8 autres poèmes du recueil "Classico-modernisme" (2006)
SUR SON ÎLE
2 heures du matin, il va faire un jogging
Avec son courage et sa femme puis Théo,
Son fils de 10 ans qui se croit à Bornéo,
Sur son île aux pensées rêveuses de camping !
Dans la végétation luxuriante, en forcing,
Il gonfle ses poumons devant un paréo,
Avec un disque ancien au son en stéréo
Qui sort d’un magasin en ville, du shopping !
Ses mains plantent la tente et des légumes verts
Pour vivre au jour le jour devant les palmiers
En jouant sur la plage un pion sur un damier :
Un coquillage mort au souffle recouvert
De sable, au chant pleureur des singes, du hamac…
Et dans les refrains stridents de son estomac !
Le 2 mars 2006.
UNE ARMOIRE A GLACE PEU COMMODE ?
On reconnaît un gars pour sa force physique,
Pour son slip mal lavé devant deux, trois moteurs,
Qui bricole toujours le compteur, en musique,
De sa moto qui se transforme en réacteur !
On reconnaît un homme en forme pour sa flemme
Devant une télé munie d’un cendrier
Et d’un petit pastis pour les soirées qu’il aime
Avec du football qui roupille dans ses pieds !
On reconnaît un type en peine pour sa joie
De s’être séparé de celle qui parlait,
Loquace, avec des mots d’insulte comme une oie…
On confond un bon gars pour un marchand de lait !
On reconnaît un mec pour de la solitude,
Pour d’irréelles mains frappant sur son moral,
Sans aventure, aucune ! On le prend d’habitude
Pour une armoire à glace au blason carcéral !
Il n’en est rien ! Pourtant, il semble peu commode
Lors d’un buffet trop froid, assis face au dressing
Et devant son épouse austère que la mode
Refuse en oubliant son look et son piercing !

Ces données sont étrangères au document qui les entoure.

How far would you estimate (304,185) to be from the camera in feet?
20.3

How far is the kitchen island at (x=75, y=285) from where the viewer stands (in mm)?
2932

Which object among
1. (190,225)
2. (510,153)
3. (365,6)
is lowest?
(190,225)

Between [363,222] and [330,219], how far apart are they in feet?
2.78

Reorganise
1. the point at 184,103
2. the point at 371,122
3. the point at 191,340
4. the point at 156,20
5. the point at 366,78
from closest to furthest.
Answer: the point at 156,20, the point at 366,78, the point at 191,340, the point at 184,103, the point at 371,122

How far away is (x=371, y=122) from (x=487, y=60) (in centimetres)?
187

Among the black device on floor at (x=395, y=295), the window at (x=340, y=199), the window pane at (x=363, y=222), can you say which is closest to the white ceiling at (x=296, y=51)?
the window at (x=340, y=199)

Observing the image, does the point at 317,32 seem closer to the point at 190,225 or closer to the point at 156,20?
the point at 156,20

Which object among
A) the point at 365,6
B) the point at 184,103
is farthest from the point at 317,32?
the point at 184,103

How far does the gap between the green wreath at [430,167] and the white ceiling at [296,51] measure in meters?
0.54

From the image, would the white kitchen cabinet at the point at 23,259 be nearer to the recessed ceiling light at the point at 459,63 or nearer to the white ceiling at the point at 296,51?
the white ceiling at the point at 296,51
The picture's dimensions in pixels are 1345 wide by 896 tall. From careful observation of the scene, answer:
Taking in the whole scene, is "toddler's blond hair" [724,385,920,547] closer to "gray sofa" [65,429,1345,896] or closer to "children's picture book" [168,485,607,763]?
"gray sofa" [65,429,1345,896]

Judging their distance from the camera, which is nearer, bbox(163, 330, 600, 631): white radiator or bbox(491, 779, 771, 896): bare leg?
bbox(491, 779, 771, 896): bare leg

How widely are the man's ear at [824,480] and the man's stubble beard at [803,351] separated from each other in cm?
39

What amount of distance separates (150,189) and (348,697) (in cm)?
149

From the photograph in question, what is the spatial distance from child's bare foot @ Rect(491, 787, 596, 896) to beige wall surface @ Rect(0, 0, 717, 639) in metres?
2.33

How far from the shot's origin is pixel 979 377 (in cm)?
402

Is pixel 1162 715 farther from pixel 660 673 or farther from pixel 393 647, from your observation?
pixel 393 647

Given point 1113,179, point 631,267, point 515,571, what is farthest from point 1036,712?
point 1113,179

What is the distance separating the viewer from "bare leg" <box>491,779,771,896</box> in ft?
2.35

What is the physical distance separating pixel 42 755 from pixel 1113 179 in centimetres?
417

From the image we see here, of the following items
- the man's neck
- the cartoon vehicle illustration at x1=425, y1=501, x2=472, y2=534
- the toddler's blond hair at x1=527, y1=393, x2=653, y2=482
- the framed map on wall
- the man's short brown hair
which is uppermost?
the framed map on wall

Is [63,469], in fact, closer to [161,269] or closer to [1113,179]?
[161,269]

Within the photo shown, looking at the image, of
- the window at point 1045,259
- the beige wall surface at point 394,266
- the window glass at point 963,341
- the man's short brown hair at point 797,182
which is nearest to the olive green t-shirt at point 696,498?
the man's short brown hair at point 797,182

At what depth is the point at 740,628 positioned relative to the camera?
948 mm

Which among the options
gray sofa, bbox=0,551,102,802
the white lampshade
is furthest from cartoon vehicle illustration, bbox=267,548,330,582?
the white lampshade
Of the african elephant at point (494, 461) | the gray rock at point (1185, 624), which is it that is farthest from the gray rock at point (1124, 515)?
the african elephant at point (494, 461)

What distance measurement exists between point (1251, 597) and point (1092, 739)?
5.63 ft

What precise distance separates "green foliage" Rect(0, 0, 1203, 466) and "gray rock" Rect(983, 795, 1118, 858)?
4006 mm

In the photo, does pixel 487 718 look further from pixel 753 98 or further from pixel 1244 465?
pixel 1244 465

On reconnaît un homme heureux pour sa chemise
Ouverte avec un torse avide de canons,
De femmes, de nature et de lettres émises
A l’intention, hélas, de portes de prisons…
Le 29 octobre 2005.
LE PORTE-DOCUMENTS
Le porte-documents ne porte que des feuilles
D’arbre jaune où s’attarde un écho de journal
Sur un sèche-cheveux ou bien un tribunal,
Une lettre fichue, de fautes ou de deuil !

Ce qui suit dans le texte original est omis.